→ **The data**:
***

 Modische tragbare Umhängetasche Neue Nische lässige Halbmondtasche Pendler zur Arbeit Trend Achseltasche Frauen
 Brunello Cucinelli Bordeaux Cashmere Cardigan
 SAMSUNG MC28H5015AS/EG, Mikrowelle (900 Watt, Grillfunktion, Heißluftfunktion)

***

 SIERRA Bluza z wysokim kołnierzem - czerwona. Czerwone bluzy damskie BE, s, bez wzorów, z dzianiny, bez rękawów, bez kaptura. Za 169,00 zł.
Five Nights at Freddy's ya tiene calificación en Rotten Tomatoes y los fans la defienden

***

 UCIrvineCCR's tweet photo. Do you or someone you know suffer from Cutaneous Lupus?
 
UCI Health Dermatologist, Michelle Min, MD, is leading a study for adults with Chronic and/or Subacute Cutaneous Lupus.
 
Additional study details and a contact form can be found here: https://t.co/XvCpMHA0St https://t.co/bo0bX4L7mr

***

→ **Your assignment**: Scan the records above for the string "study", then report every line that contains it.

→ **Exercise result**:
UCI Health Dermatologist, Michelle Min, MD, is leading a study for adults with Chronic and/or Subacute Cutaneous Lupus.
Additional study details and a contact form can be found here: https://t.co/XvCpMHA0St https://t.co/bo0bX4L7mr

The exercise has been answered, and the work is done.